L’Allemagne s’apprête à lancer un fonds d’investissement de 100 milliards d’euros pour renforcer des secteurs clés de l’économie nationale tels que la défense, l’énergie et les matières premières critiques. Baptisé Deutschlandfonds (Fonds Allemagne), ce nouveau véhicule représente l’une des initiatives les plus ambitieuses du gouvernement dirigé par le chancelier Friedrich Merz pour relancer la croissance après deux années de contraction économique.

Le fonds sera initialement alimenté par une dotation publique d’au moins 10 milliards d’euros, dans le but d’attirer des capitaux privés, y compris internationaux, jusqu’à dix fois ce montant, mobilisant ainsi des ressources totales d’environ 100 milliards. C’est ce que confirme une note du ministère allemand de l’Économie publiée par Bloomberg :

« Le Fonds Allemagne sera utilisé pour des investissements dans la croissance, l’innovation et la compétitivité, en collaboration avec des investisseurs privés allemands et européens. Le capital privé est un levier essentiel pour surmonter les grands défis économiques ».

Le fonds a déjà reçu le feu vert du ministre des Finances

Le projet s’inscrit dans un contexte d’incertitude mondiale croissante, l’Allemagne cherchant à sécuriser ses chaînes d’approvisionnement stratégiques, mises sous pression par des événements tels que l’invasion russe de l’Ukraine, la politique étrangère affirmée de la Chine et les tensions commerciales avec les États-Unis de Donald Trump. Le fonds devrait être lancé entre septembre et octobre, immédiatement après la pause estivale du Bundestag, grâce au feu vert déjà obtenu du ministre des Finances Lars Klingbeil.

Parmi les hypothèses à l’étude figure également la possibilité d’élargir le champ d’action du fonds pour inclure le développement de logements abordables, un sujet très sensible dans les grandes villes allemandes. Certaines sources suggèrent également à Bloomberg que le fonds pour les matières premières créé sous le précédent gouvernement d’Olaf Scholz – actuellement inactif – sera intégré dans la nouvelle structure, afin de concentrer les investissements dans des projets miniers stratégiques en Allemagne et à l’étranger.

Priorité à l’énergie et à la défense, mais aussi aux PME

L’énergie sera l’une des principales priorités du Deutschlandfonds. Le gouvernement de Berlin détient déjà des participations dans les gestionnaires de réseau 50Hertz et TransnetBW, et est en pourparlers pour acquérir les actifs allemands de TenneT, une filiale néerlandaise, ainsi que des parts de la société allemande Amprion. L’objectif est de consolider le contrôle de l’État sur les infrastructures de transport d’électricité.
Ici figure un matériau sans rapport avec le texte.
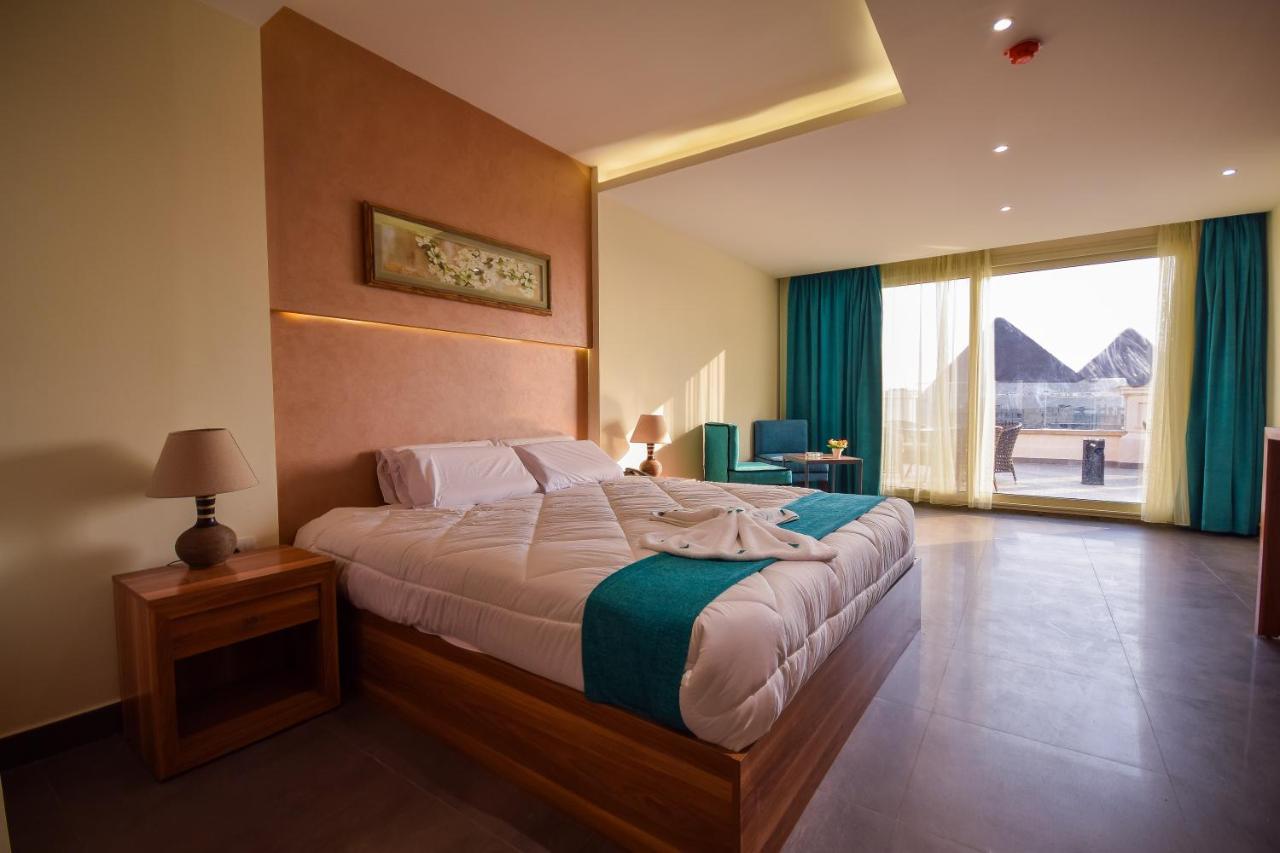 New Pyramid Quen Hotel Kairo Bagian luar foto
Des initiatives similaires sont également en cours dans le secteur de la défense. Le gouvernement est en pourparlers pour acquérir une participation minoritaire dans Knds, le groupe franco-allemand spécialisé dans l’armement, et envisage d’investir dans la division sous-marine de ThyssenKrupp. Des investissements de démarrage dans des start-ups nationales du secteur de la défense ne manqueront pas non plus.
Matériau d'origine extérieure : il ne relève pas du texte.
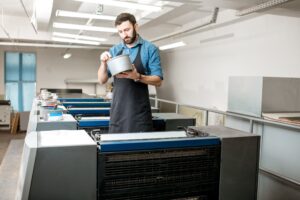 Typographer with paint at the manufacturing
Un autre objectif déclaré est de renforcer les marchés des capitaux nationaux, en particulier dans le segment des petites et moyennes entreprises, souvent négligées par les investisseurs privés en raison de leur profil de risque élevé. Le Fonds Allemagne se présente donc comme un instrument hybride, à mi-chemin entre la subvention publique et le capital-risque, conçu pour attirer les investisseurs institutionnels et les family offices en offrant une sorte de label public de fiabilité.
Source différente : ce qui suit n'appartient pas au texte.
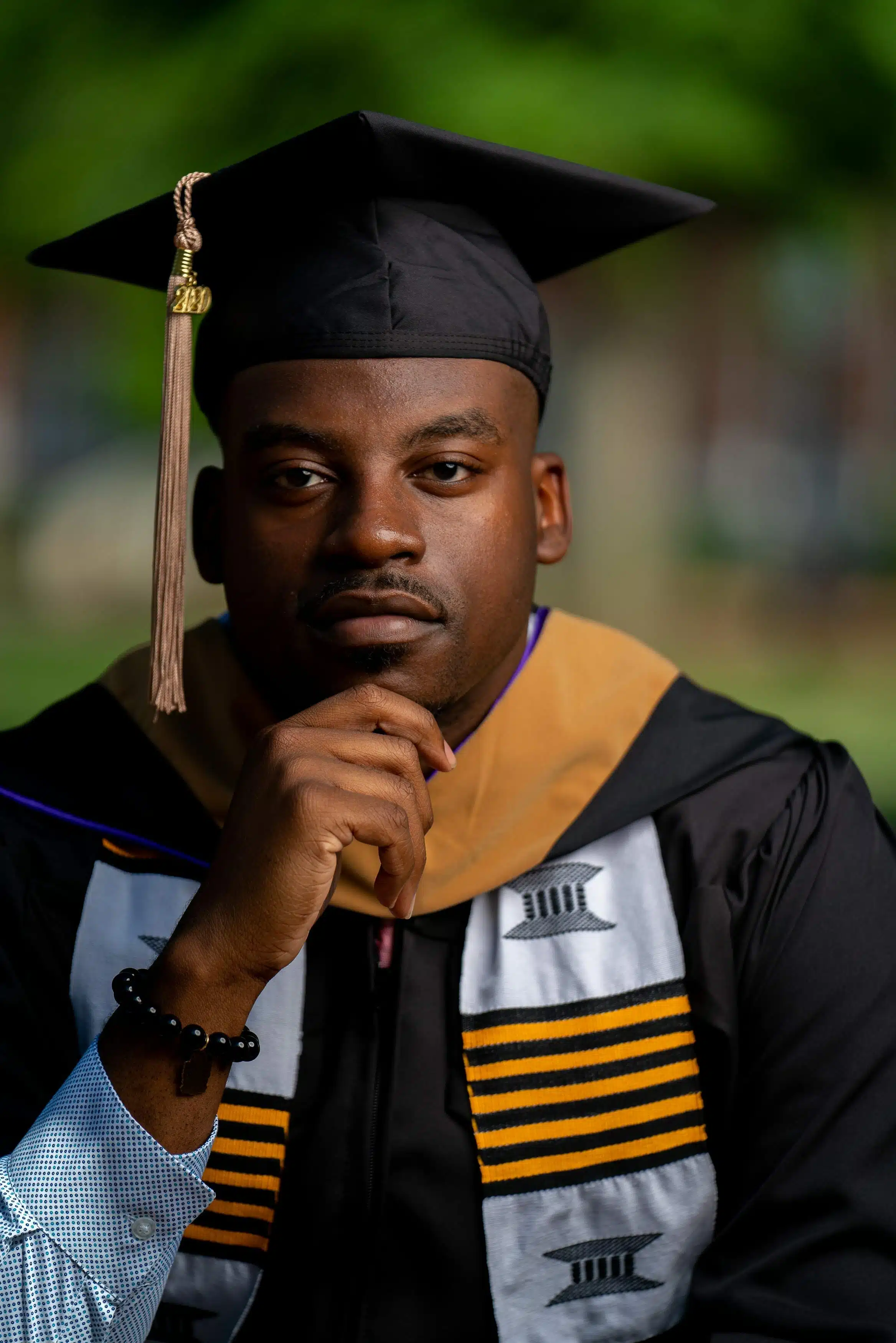 Young male graduate poses in cap and gown Stock Photo - Alamy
Aucun impact sur la question de la dette

Malgré les divergences politiques entre les chrétiens-démocrates de Merz et les sociaux-démocrates de Klingbeil, le financement du fonds semble assuré. Le gouvernement a récemment approuvé un plan d’infrastructure de 500 milliards d’euros et, comme les investissements en capitaux propres sont classés comme des opérations financières, ils ne sont pas soumis au strict frein constitutionnel à la dette publique.

Cette initiative met également en œuvre un engagement contenu dans l’accord de coalition qui a porté Merz au pouvoir en mai dernier et constituera le premier projet phare de la nouvelle ministre de l’Économie, Katherina Reiche, ancienne dirigeante du secteur énergétique.